During election season, political coverage is fuelled by a single survey question, often posed to a thousand Canadians at a time: if the election were held tomorrow, how would you vote?
This is often accompanied by a follow up — if you’re undecided, how would you lean if you had to choose? If you are having an actual conversation with a live survey interviewer, you may avoid some awkwardness by finally admitting that, if you had to, you’d go with X. If only to end the call.

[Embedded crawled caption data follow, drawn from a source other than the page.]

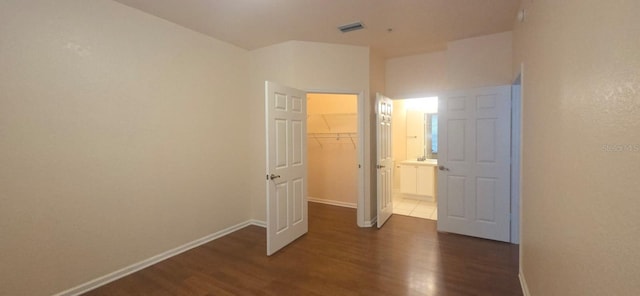13584 Turtle Marsh Loop Unit 12, Orlando, FL 32837 - unfurnished bedroom with dark wood-type flooring, a spacious closet, and a closet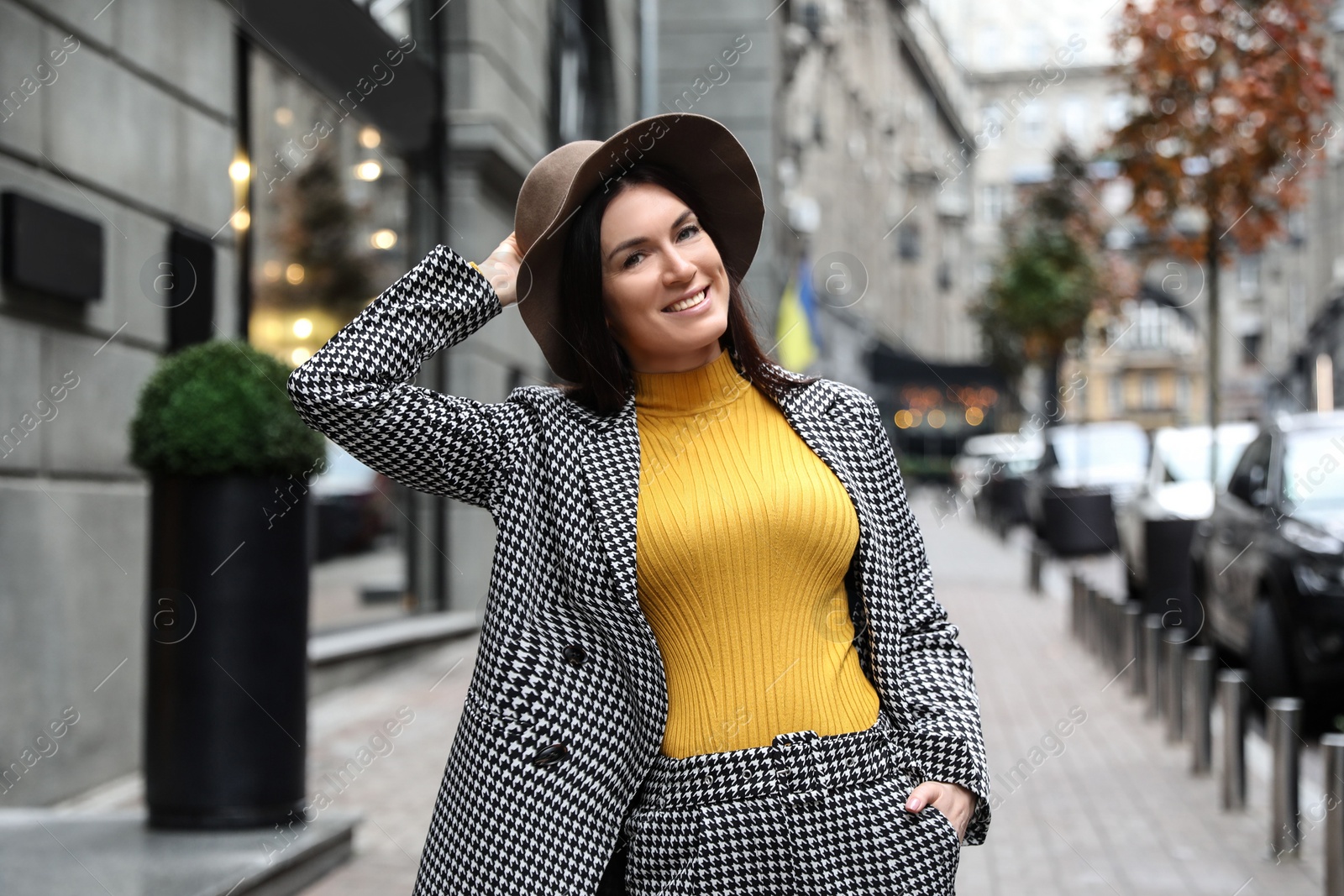 Photo of Portrait of beautiful woman in stylish suit on city street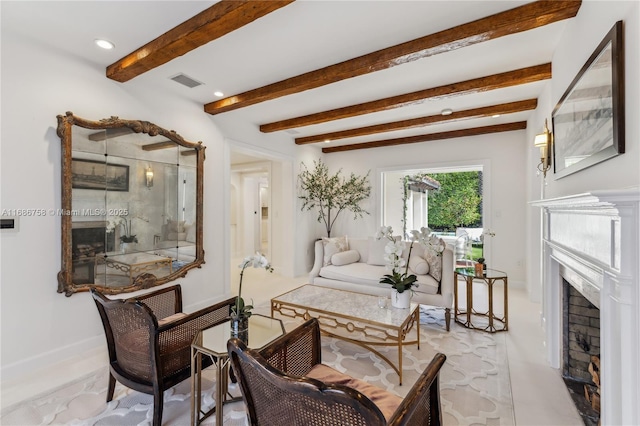 sitting room with beamed ceiling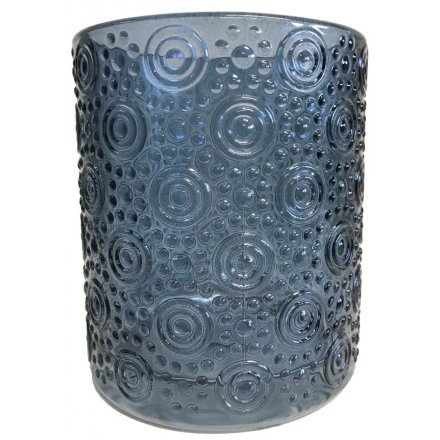  A small decorative glass pot featuring a embossed circle decal and neutral blue tone 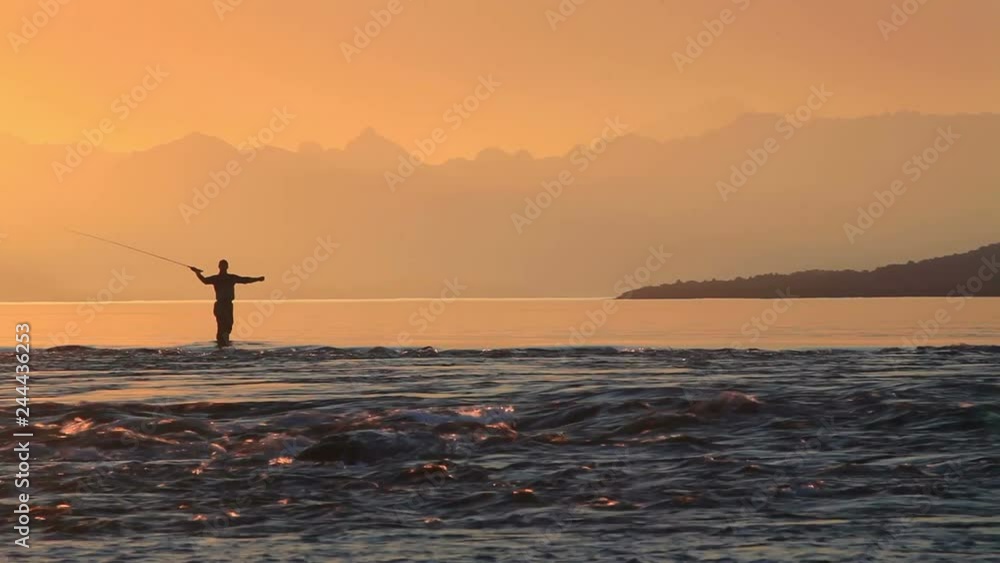 Fisherman fly fishing at sunset at the lake and mountains Fisherman fly fishing at sunset at the lake and mountains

Every few weeks — or, during campaign season, almost every night — political pollsters crunch these numbers. After removing the undecideds, they’ll land on a simulated result of who would win if a hypothetical election took place. This is what we in the polling business call “vote intention.”
The vote, right now
Occasionally, high-profile media events, especially during campaign period, shift voter attitudes. We may relitigate whether or not Conservative Party leader Andrew Scheer should have compared same-sex marriage to a dog’s tail. Perhaps we find out, four years in, that Liberal Party leader Justin Trudeau has a history of integrating brown and blackface into his costuming.
When this happens, researchers rush into the field with a 10-minute survey to see how these issues are tracking with Canadians — do they care about marriage equality? Blackface? Dog’s tails? These are all questions that are newsworthy, but everyone really just wants to know one thing: what’s the score now?
While they tell a story about trends over time, they are not designed to predict a future outcome.
Vote intention is that score, and it’s the number you’re going to interact with most in the weeks ahead when you see any sort of political coverage or references to how well each party is doing. It’s an important number. But it’s only important in the same way if you recorded on paper what I wanted to snack on, right now. I could go for Sweet Chilli Heat Doritos or Cheetos right this second. When the chips are down at 2 a.m. in the convenience store, I may succumb to weeks of digital targeting guiding my vote toward Old Dutch Ketchup.
In much the same way, and acknowledging the rare miss, scientifically deployed vote intention questions in surveys are highly accurate in predicting the result of an election when conducted a few days before an election, when minds are made up. They make a pretty good stand in for what would happen if we held a national election every night (fun, I know), but only represent a snapshot in time. While they tell a story about trends over time, they are not designed to predict a future outcome.
Vote intention in context
When we ask Canadians who else they would consider voting for, only one in four close themselves off to any other option. If you look at the responses of only Canadians under 30, fully 62 per cent say they are likely to switch their vote, regardless of how they would vote in a hypothetical “today.” Many Liberal voters would happily consider the NDP, CPC or Greens; many Conservative voters would happily consider the Liberals, NDP or Greens; and the NDP vote could likewise go any which way. There are some “left-wing” voters that would only consider parties on the left, but the electorate largely does not live in static, ideological tribes.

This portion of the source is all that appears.